Looking to long-term megatrends, demographic shifts, as last year, is the dominant disruptive force impacting European business (35%) as for peers in the rest of the world. Europe in general is facing the challenge of an ageing population exacerbated by low birth rates (particularly acute in Germany). But this year, just over one in five company leaders in Europe see industry convergence as the key megatrend, reflecting both the blurring of sector boundaries and the birth of new subsectors driven by digitization. These shifts are not necessarily challenges – indeed for the agile, they offer new opportunities.
Finland's Tuomas Riski, co-founder and CEO of Norsepower, is one company leader benefitting from convergence. "We are at the forefront of convergence because we are the first to combine wind power and shipping," he says. "Our technology is essentially underpinned by an Internet of Things (IoT) system, which enables us to track the performance and run maintenance on our rotor sails remotely. Digitization is therefore a big enabler for our business."
Government policy as a driver of innovation, rather than an obstacle to it, emerges strongly this year. Over one in four (27%) of Europe's entrepreneurs place it joint first with profitability, up 8 percentage points on 2017.
"We see how government regulations on reducing carbon emissions have accelerated the development of electric vehicles and other smart transport solutions," says Baldwin. "The mayor of Paris, alongside those of Madrid, Athens and Mexico City, has announced a ban on diesel vehicles in the city center by 2025. These policies drive market change."
Europe's company leaders, broadly reflecting global peers, adopt a twin strategy for increasing innovation in their companies, both harnessing their own staff's creativity (30%) and using customer data to drive innovation (29%).
AI has emerged from the margins of science fiction into the boardrooms of the world in a huge leap. While last year 70% of European leaders said they would never adopt robotic process automation (RPA), today an even greater percentage (75%) say they are adopting AI within just two years.

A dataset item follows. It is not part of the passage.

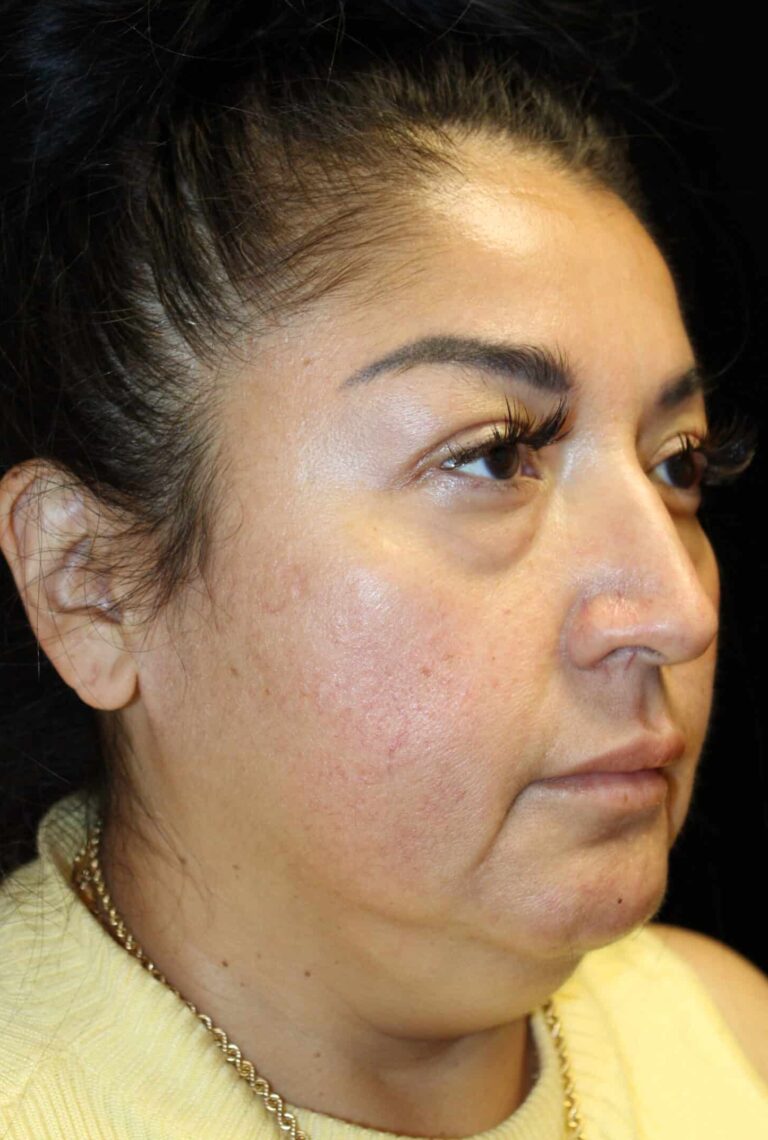 Before Image: Deep Plane Facelift & Neck Lift - right-front-oblique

In fact 97% of all Europe's company leaders have plans to adopt AI within five years, putting the region ahead in embracing cognitive technologies and machine learning.
AI has the power to transform every business process from the back office to the customer experience, and while companies are at different stages none doubts its critical role in the near term.
"Bitcoin's underlying technology – distributed ledger technology – could potentially offer some use and benefit in our business," says Ingrid Faber, CEO of Europe's leading integrated pooler and producer of wood pallets, Pooling Partners. "I'm not talking about investing in Bitcoins, rather what the technology could mean for our business and operations."
For TomTom, the Netherlands-based global leader in satellite navigation services, the opportunities are all in cloud-based services and IoT applications. "We see connected cars, software-based safety systems in cars and self-driving technologies as major future growth areas for us," says CEO and Co-founder, Harold Goddjin.
Technology is also singled out as a driver of improved productivity by one in four respondents, up 5 percentage points on 2017, and second only to economies of scale (29%).
However, companies may be underestimating the need to mitigate cyber threats, as they grow their digital footprints. Just 7% of Europe's middle-market leaders are investing in technology to reduce risks and 5% see rate cyber threats as the key challenge to growth.
"Company leaders need to develop strong digital security strategies hand-in-hand with their AI adoption plans," says Baldwin.